His giant-sized breakthrough Born in the U.S.A. basically was misinterpreted by 9 out of 10 people who picked up the record. Springsteen’s then trademark disaffection and disenfranchisement with the human condition in the United States was interpreted as little more than a series of anthems for the middle-class majority.
The sullen lyrics of the album’s title track describe a Vietnam vet down on his luck after being used by the government, and the battle cry of “Born in the U.S.A.” became more a rousing chorus, and less the angst-ridden barb the record intended it to be. “Glory Days” another of the seven singles on Born in the U.S.A. blew up on the airwaves despite its own dose of Springsteen’s sullen lyrics.
Fast forward 18 years into this post-Sept. 11, nothing has really changed other than more news coverage, and a few new cabinet positions in the United States.
Springsteen is drawing rave reviews and for all of the wrong reasons. Without even hearing The Rising, I can promise that it is not very good. Not “excellent,” not “classic,” it might be good, but in all likelihood, it is simply exceptionally average. Reviews have championed his ability to write from the post-Sept. 11 world with the appropriate levels of compassion and empathy for the issue. In fact, Bruce even went far enough to contact victim’s families and talk to them about how they felt, so that the ever-present third person narrators in Springsteen’s tunes would have their usual life when dealing with the tender wounds from the 11th.
The Rising is an album that is apparently so rich with importance that Rolling Stone opened its freelance pocket wide and ensnared MTV’s voice of reason and reporting Kurt Loder to write the review for an album that was guaranteed five stars when its release date was announced.
Loder likens the album to a “requiem for those who perished in that sudden inferno.” This proves to be a nice literary precursor and eventual transition into the part of the review where Loder actually discusses the album, and the first track he talks about is “Into the Fire.” So, is the record really a requiem for the deceased, or in fact a wonderful tool for writers to showcase their ability to connect music to the real world and play the part of the great line between popstar and plain-folk.

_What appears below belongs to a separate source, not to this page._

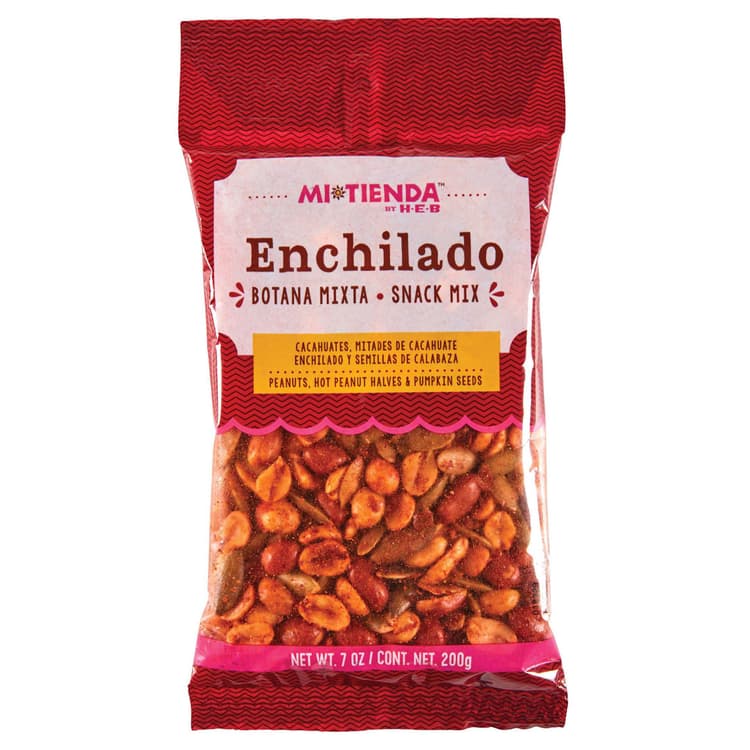H-E-B Mi Tienda Enchilado Botana Mixta Snack Mix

These sort of campy transitions should sicken readers and listeners of The Rising completely. Not all of The Rising’s tracks were written post-Sept. 11, a few were penned pre-planes-into-buildings fiasco.

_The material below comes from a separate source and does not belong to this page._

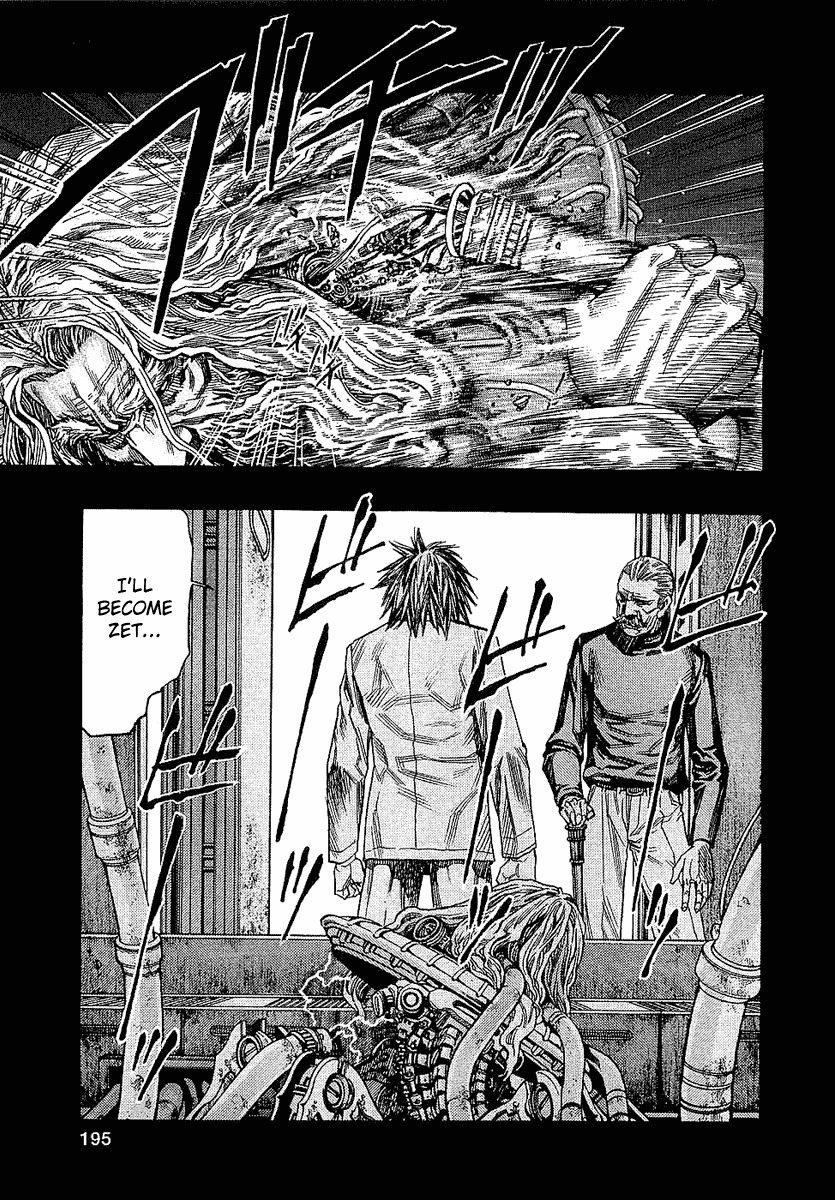 Zetman Chapter 80 page 7 - Chapter 80: The Shattered Future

If this record had been released in an America where Sept. 11 had never happened, reviewers and listeners would be singing a different tune altogether. Probably something closer to the groans made when Springsteen released his last studio effort.
Let’s not forget we are dealing with the man who played songs on movie soundtracks like the Tom Hanks AIDS-flick “Streets of Philadelphia” and “Secret Garden” from “Jerry Maguire.” Springsteen fans will point out that he won a Grammy award for “Streets,” and I’d point out the hundreds of artists who have won Grammys and proven themselves to be nothing special or nothing hovering above average on the musical radar.

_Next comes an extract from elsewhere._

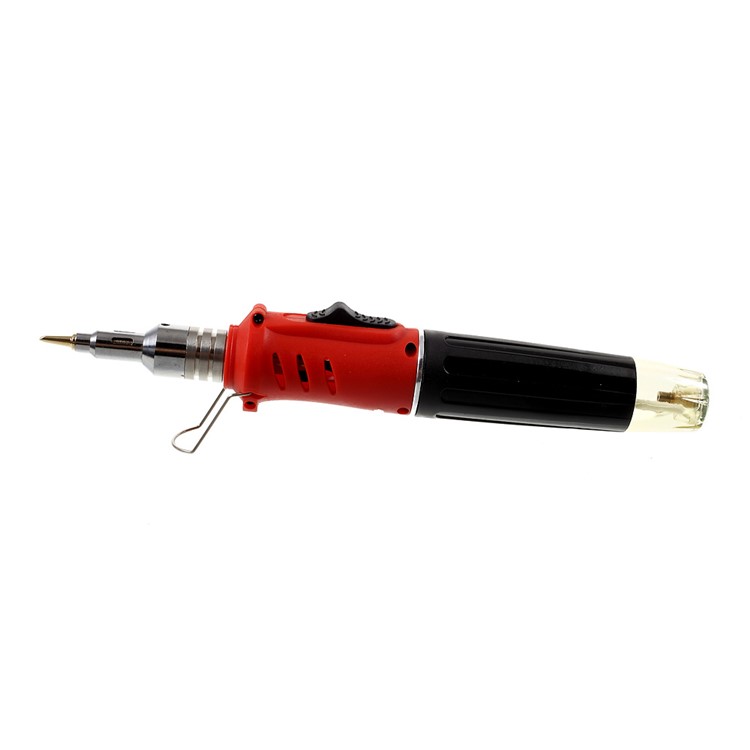 HOTERY 10-in-1 Professional Butane Gas Soldering Iron Set Welding Torch Kit-2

I’d expect to see The Rising all over critical top 10 lists at the end of 2002. This is unfortunate, even more unfortunate is the amount of Grammy Award nominations, and actual Grammy brass that the record will likely garner. All of this, not because of Springsteen’s musicianship, but because of its subject matter. It is unfortunate that the American people would rely on a pop artist’s take on tragedy, rather than treat the record as just that, a record.
Springsteen’s album, when I finally sit down and listen to it, will no doubt be a disappointment. At best, I would expect it to be an above average record, with a message that allows it to be enshrined as “classic” from the Tuesday that it came out.
Oh, that’s a parallel I didn’t even think of. The album came out on a Tuesday, and Sept. 11 was a Tuesday. Maybe Bruce should’ve waited to release the album on a Tuesday that was the 11th to further entrench his and his album’s “classic” status. Looks like the marketing wizards behind Springsteen’s rise back to the top hadn’t planned on that.